Cette voix et en fait un carrefour entre le sujet et l'autre, entre corps et langage. En tant que fonction de communication, la voix est inscrite dans le social et articule dans une même configuration «Voix, Verbe, Dieu, Société et Jouissance ». Michel Poizat privilégie deux expressions anthropologiques de cette configuration : la pratique de l'hymne et l'institution du tribunat.
Hymne religieux, car pour lui, dans le cadre de la religion catholique, Dieu qui ne peut être nommé que de façon auto-référentielle (je suis ce que je suis) ne peut être que chant qui a le pouvoir de transcender la signification. Le chant a un aspect performatif, il met en scène sans informer. Il pose un problème essentiel pour la théologie, celui de la légitimité de la jouissance dans le chant.
Mais en étant fusion des voix en une, ici voix de Dieu, voix du peuple, voix de l'Église, l'hymne peut aussi devenir hymne national. L'auteur consacre plusieurs pages à l'extraordinaire flambée de succès que connu dès sa composition «La Marseillaise» et à la forte impression qu'elle fit sur les contemporains, ennemis de la République compris, leur surprise d'entendre un hymne aux effets si puissants où ne sont évoqués ni Dieu ni roi. Il montre que le sacré n'est pas fondamentalement une structure religieuse, mais que la religion, est une forme de gestion particulière du sacré.

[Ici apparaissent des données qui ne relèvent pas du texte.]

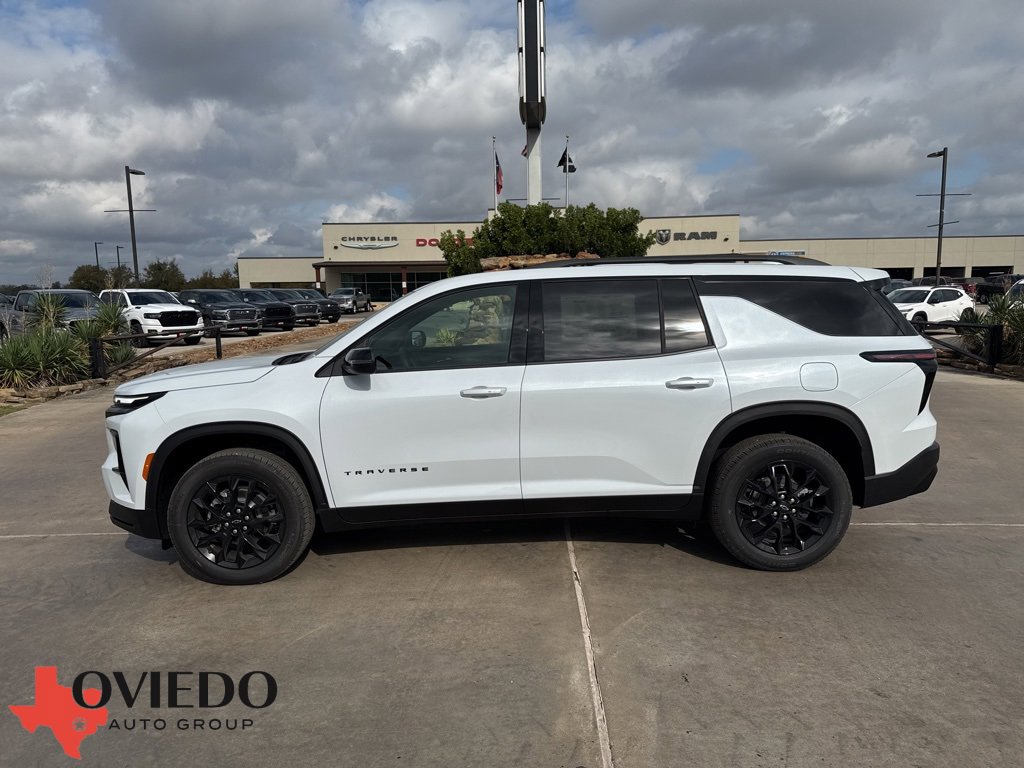 2026 Chevrolet Traverse LT's photo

Plus proche de Rousseau il aborde la question du tribun, du tribunal, du tribunat. C'est-à-dire l'importance de l'éloquence et des débats publics, et montre comment l'idée de sacré organise les prises de parole, mais encore l'applaudissement, comme substitut de la parole et don du corps : la voix des main.

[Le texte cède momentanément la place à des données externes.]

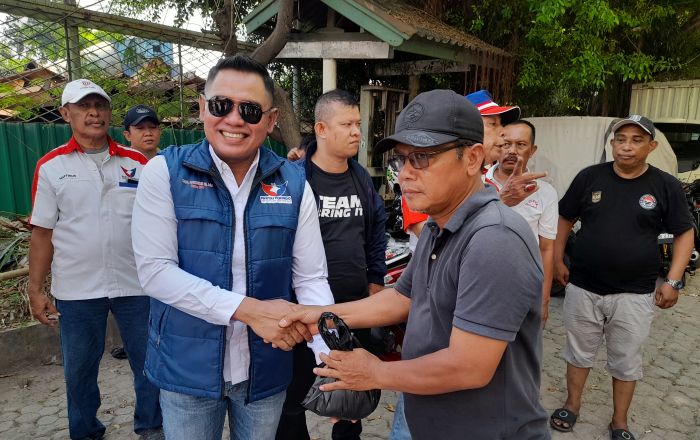 DPD Partai Perindo Jakut Bagikan Daging Hewan Kurban ke Masyarakat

Une très belle citation extraite du Contrat Social de Jean-Jacques Rousseau :
«Le tribunat n'est point partie constitutive de la cité, et ne doit avoir aucune portion de la puissance législative ni de l'exécutive, mais c'est en cela même que la sienne est pus grande : car ne pouvant rien faire, il peut tout empêcher» [p. 49]
Je rappelle que Jean-Jacques Rousseau pensait, comme beaucoup à son époque, en vertu de lectures peu critiques ou historiennes d'archives, que la musique de l'antiquité avait une puissance singulière. Pour lui, la qualité expressive de la musique était tributaire de l'art du tribunat. A Rome disait-il, les tribuns devaient convaincre la foule, ils devaient user de tout leur art et dès lors nourrissaient la musique (essentiellement de l'accentuation). Aujourd'hui, on ne se sert plus du discours pour convaincre, on envoie les soldats récupérer l'impôt de force chez les pauvres gens. Le langage de la cour inutile est appauvri, la source de la musique française est tarie.

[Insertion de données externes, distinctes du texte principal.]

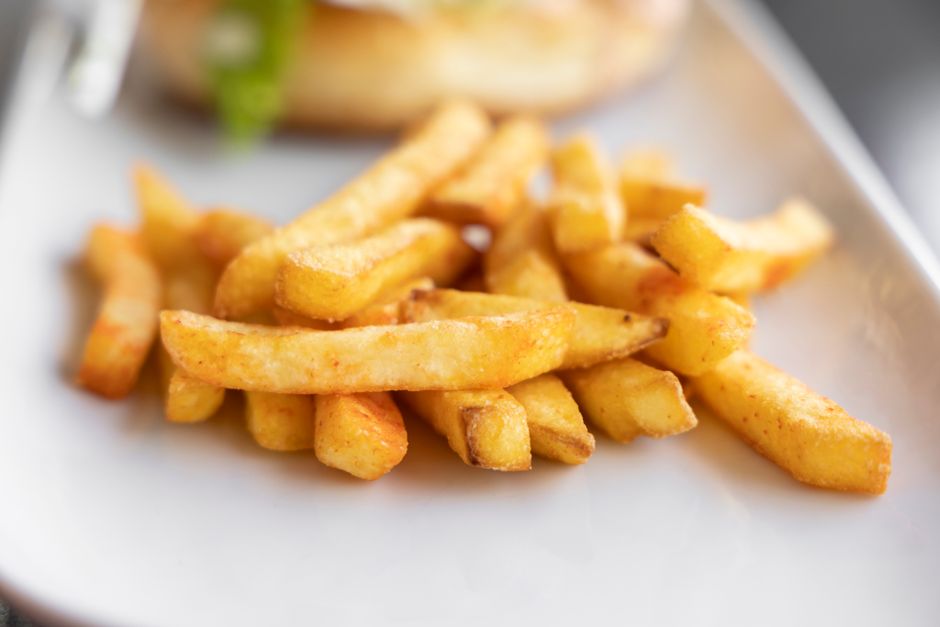 Porção de batata frita crocante pronta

On a beaucoup souri (en coin du bon ton), à ce trait pourtant génial du point de vue polémique et symbolique. Il pourrait bien qu'il soit musicalement plus prospectif qu'on pourrait le penser, justement par la médiation du sacré (par exemple le performatif de la voix). Je ferme la parenthèse.
Toute cette disposition, cet appareillage social de la voix, Michel Poizat propose de le concentrer dans l'idée de Pulsion invoquante, reprise de Jacques Lacan.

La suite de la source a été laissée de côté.